De mon enfance, je garde en souvenir un plaisir d’une intensité forte : choisir un livre nouveau. Plus qu’une habitude, c’était comme un rite, presque un culte aux romans qui trônaient fièrement dans ma chambre d’enfant.
Choisir un livre : un parcours, toujours le même.
Ce moment où je referme un ouvrage, tout juste terminé, et m’empresse de fouiller dans la bibliothèque familiale, je m’en souviens.
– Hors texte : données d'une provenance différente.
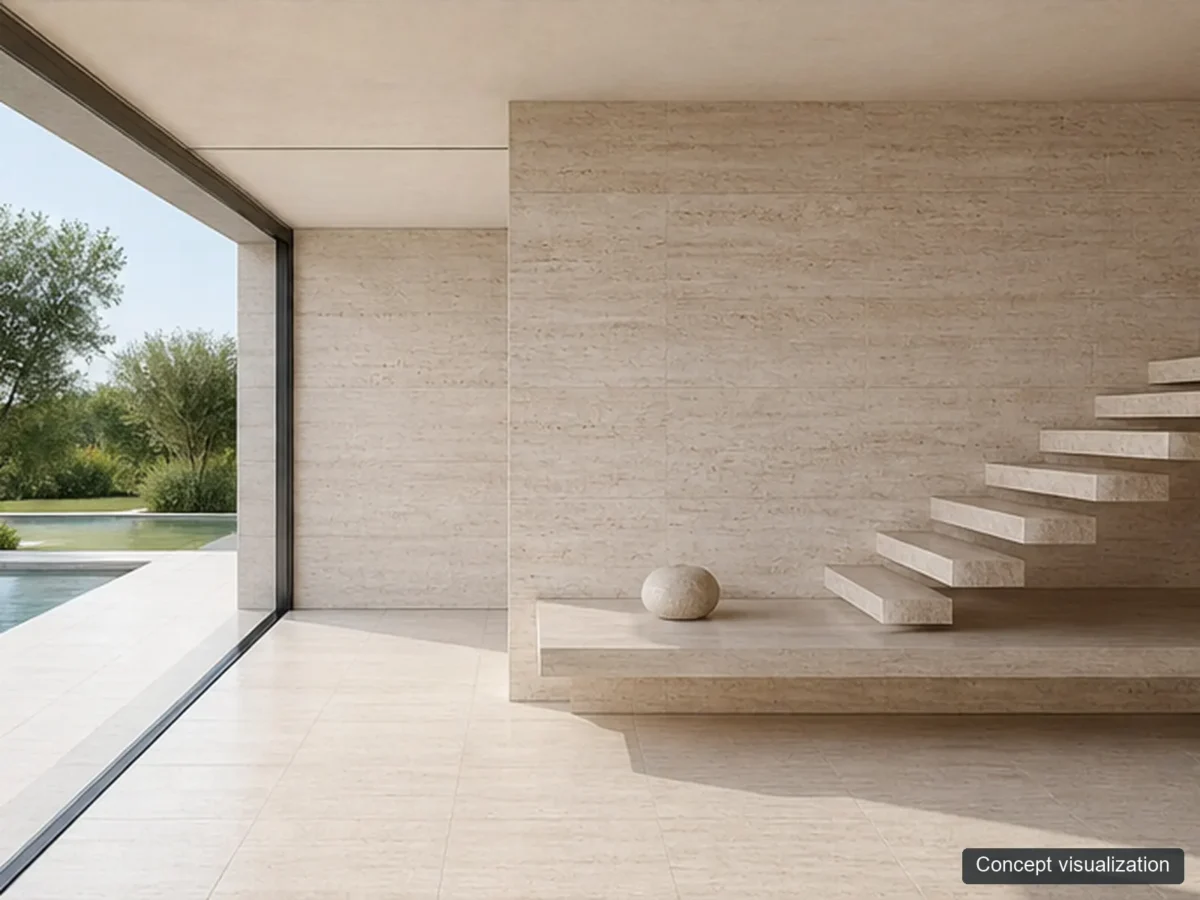 Classic Roman Travertine application reference concept visualization; not current inventory or a selected lot.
Lorsque j’étais en quête d’un nouveau texte à me mettre sous la main, je procédais toujours de la même manière.
D’abord remettre le livre achevé à sa place, ensuite revenir au bout de l’étagère et parcourir les couvertures, les unes après les autres, toutes rangées par auteurs dans l’ordre alphabétique – oui, dès toute petite, j’avais déjà un côté psychorigide avec les livres – jusqu’à trouver l’élu. Vous n’imaginez pas l’excitation que revêtait ce moment pour l’enfant unique et solitaire que j’étais. Chaque fois, je me sentais comme Indiana Jones !
Et puis le temps est passé par là, et finalement, la quête du prochain livre est devenue un rituel plus banal. Avec l’arrivée du rythme blog, j’ai anticipé les choses et la surprise s’est un peu atténuée. Jusqu’à ce jour de fin octobre où j’ai retrouvé mes 12 ans.
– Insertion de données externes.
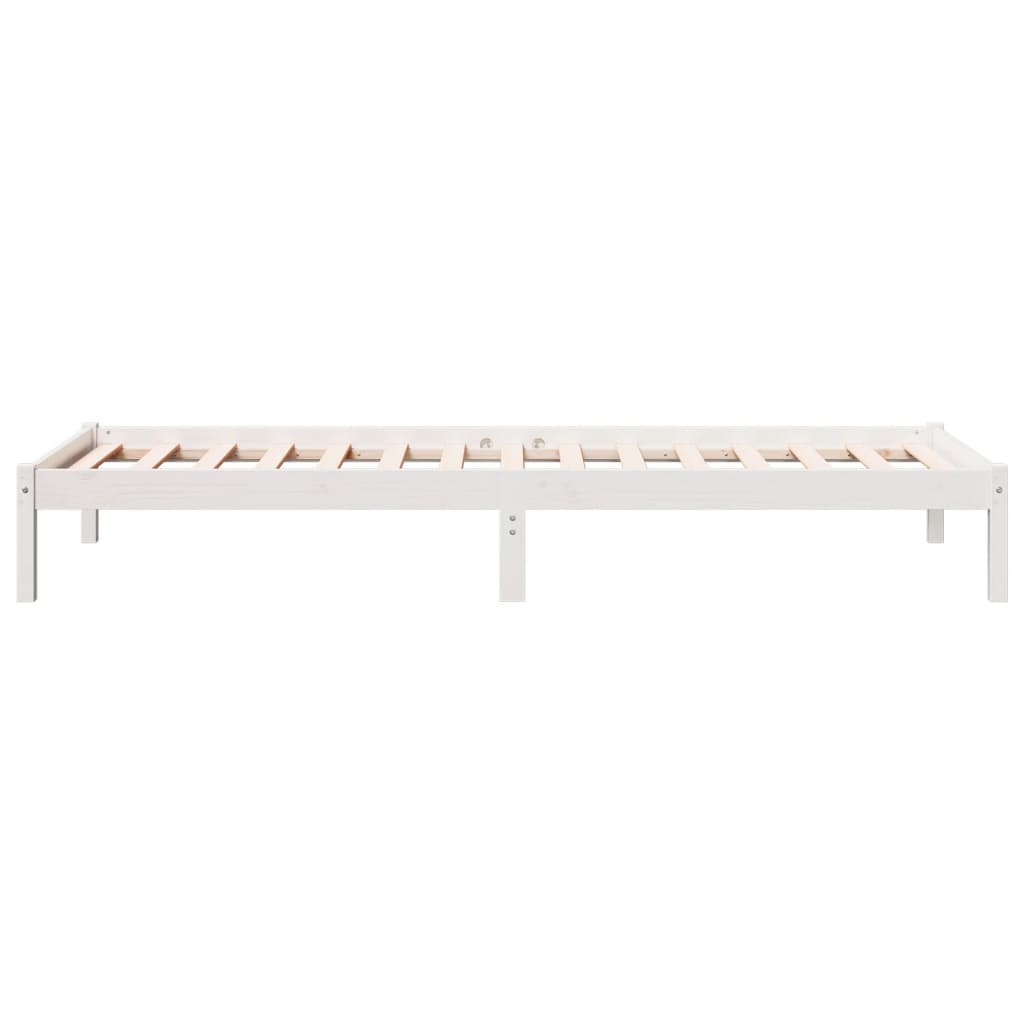 Cama extra longa sem colchão 80x210 cm pinho maciço branco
De la madeleine de Proust…
Face à face à table avec Papa et Maman, puis seule dans ma chambre enveloppée par le silence, les livres, et seulement troublée par le ronron apaisant de mon vieux Labrador. Tout cela va vous sembler bien cliché, mais ce cadre reste pour moi l’un des plus sécurisants.
Après avoir fini mon livre en cours, j’ai fureté du côté de la bibliothèque, comme à l’époque. J’ai d’abord eu du mal à trouver un texte que je n’avais pas encore lu. J’ai sélectionné quelques classiques au passage, puis je suis tombée sur ce tout petit objet à la couverture couleur sépia. Grâce et dénuement, d’Alice Ferney. Et là encore, les souvenirs sont revenus…
… aux premiers pas d’autrice ?
J’ai 13 ans, peut-être 14. Le temps est froid, humide et nous roulons depuis déjà un bon moment. Dans le véhicule d’entreprise au tableau de bord couvert de poussière, sac de ciment à l’arrière, mon père répond à mon mutisme par un « T’es stressée ? » amusé.
Le suis-je ?
Oui, probablement un peu, car nous nous rendons à une remise de prix. Une fois encore, j’ai participé à un concours d’écriture organisé par mon collège. Oui, j’ai la boule au ventre, car l’écriture me tient à cœur et cette nomination m’inquiète.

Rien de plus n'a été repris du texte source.